Electric music is the music of this culture and in the breaking away (not the breaking down) from previously assumed forms a new kind of music is emerging. The whole society is like that. The old forms are inadequate, not the old enternal verities but the old structures. And new music isn't new in that sense either, it is still creation which is life itself and it is only done in a new way with new materials. So we have to reach out to the world with new ideas and new forms and in music this has meant leaving the trditional forms of bars and scales, keys and chords, and playing something else altogether which maybe you cant identify and classify yet but which you recognize when you hear it and which when it makes it, really makes it, it is the true artistic turn on.
Sometimes it comes by accident. Serendipity. With the ones who are truly valuable, the real aritists, it comes because that is what they are here to do even if they can say as Miles says of his music, I dont know what it is, what is it? They make music like they make those poems and those pictures and the rest because if they do not they cannot sleep nor rest nore, really, live at all. This is how they live, the true ones, by making the art which is creation.
Somtimes we are lucky enough to have one of these people like Miles, like Dylan, like Duke, like Lenny here in the same world at the same time we are and we can live this thing and feel it and love it and be moved by it and it is a wonderful and rare experience and we should be grateful for it. Look. Miles changed the world. More than once. That's true you know. Birth of the cool was first. Then when it all went wrong Miles called all the children home with Walkin'. He just got up there and blew it and put it on an LP and all over the world they stopped in their tracks when they heard it. They stopped what they were doing and they just listened and it was never the same after that. Just never the same.
It will never be the same again now. How can it ever be the same? I dont mean you cant listen to Ben. How silly. We can always listen to Ben play funny valentine, until the end of the world it will be beautiful and how can anything be more beautiful than Hodges playing passion flower? He never made a mistake in 40 years. It's not more beautiful, just different. A new beauty. A different beauty. The other beauty is stil beauty. This is new and right now it has the dge of newness and that snapping fire you sense when you go out ther from the spaceship where nobody has ever been before.
What a thing to do! What a great thing to do. What an honest thing to do there in the studio to take what you knew to be true, to hear it, use it and put it in the right place. When they are concerned only with the art, thats when it really makes it. Miles hears and what he hears he paints with. When he sees he hears, eyes are just an aid to hearing if you think of it that way. It's all in there, the beauty, the terror and the love, the sheer humanity of life in this incredible electric world which is so full of distortion that it can be beautiful and frightening in the same instant.
What is so incredible about what Miles does is whoever comes after him, whenever, wherever, they have to take him into consideration.

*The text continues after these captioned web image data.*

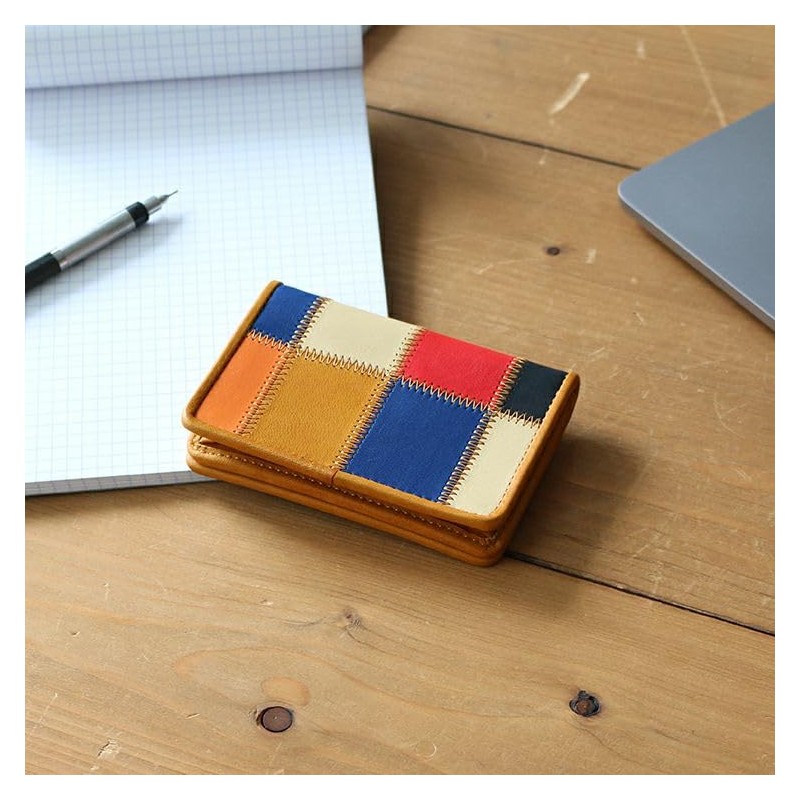 Trion DPC808MTW Card Case, Multi-Color, Genuine Leather, Business Card Holder,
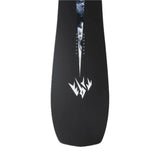 Jones Mind Expander Snowboard 2025 - A black snowboard with a white logo featuring jagged, angular letters and a long vertical line extending from it.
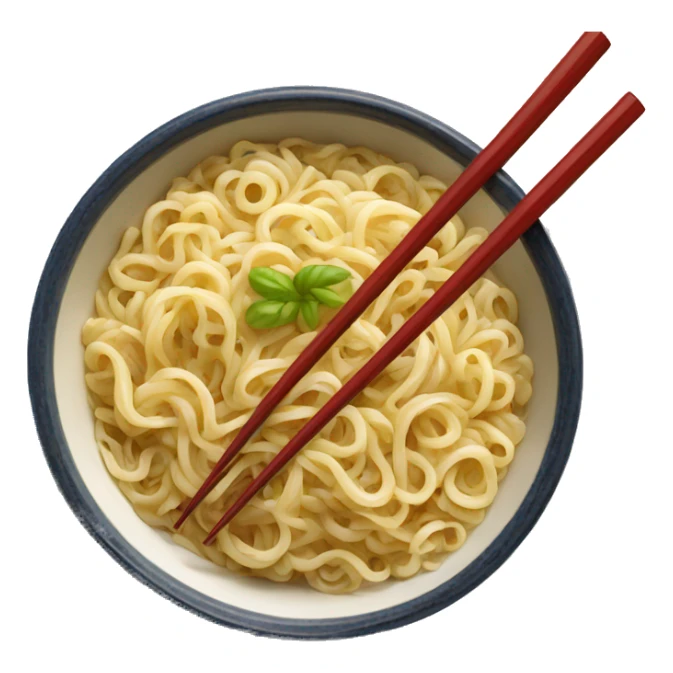 Noodles in a Japanese bowl with chopsticks  sticker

They have to pass him to get in front. He laid it out there and you cant avoid it. It's not just the horn. It's a concept. It's a life support system for a whole world. And it's complete in itself like all the treaures have always been.
Music is the greatest of the arts for me because it cuts through everything, needs no aids. It is. It simply is." - Ralph J. Gleason
I agree with most of the stuff he said, with the exception of a couple things. But I thought it was great regardless and something to ponder if you're interested at all in that sort of thing. My posts havnt been as music oriented lately as they usually are so I figured this would be somethin good.

3 Comments:

At December 13, 2004 at 10:23 PM, Blogger Johnny said...

That's really interesting, man. A bit over my head, as I am not the most musically informed of camels. Nonetheless, interesting!

 
At December 14, 2004 at 3:40 PM, Blogger Taylor said...

I wonder what Bobby Dyls has to say about this . . . .

 
At December 27, 2004 at 11:44 PM, Anonymous Anonymous said...

ok, i finally read all of it, it only took three and half years. i found the whole thing really fascinating, thi agree with johnny in the fact that its a litle over my head. o well, i enjoy readin it nonetheless. serendipity is a cool word.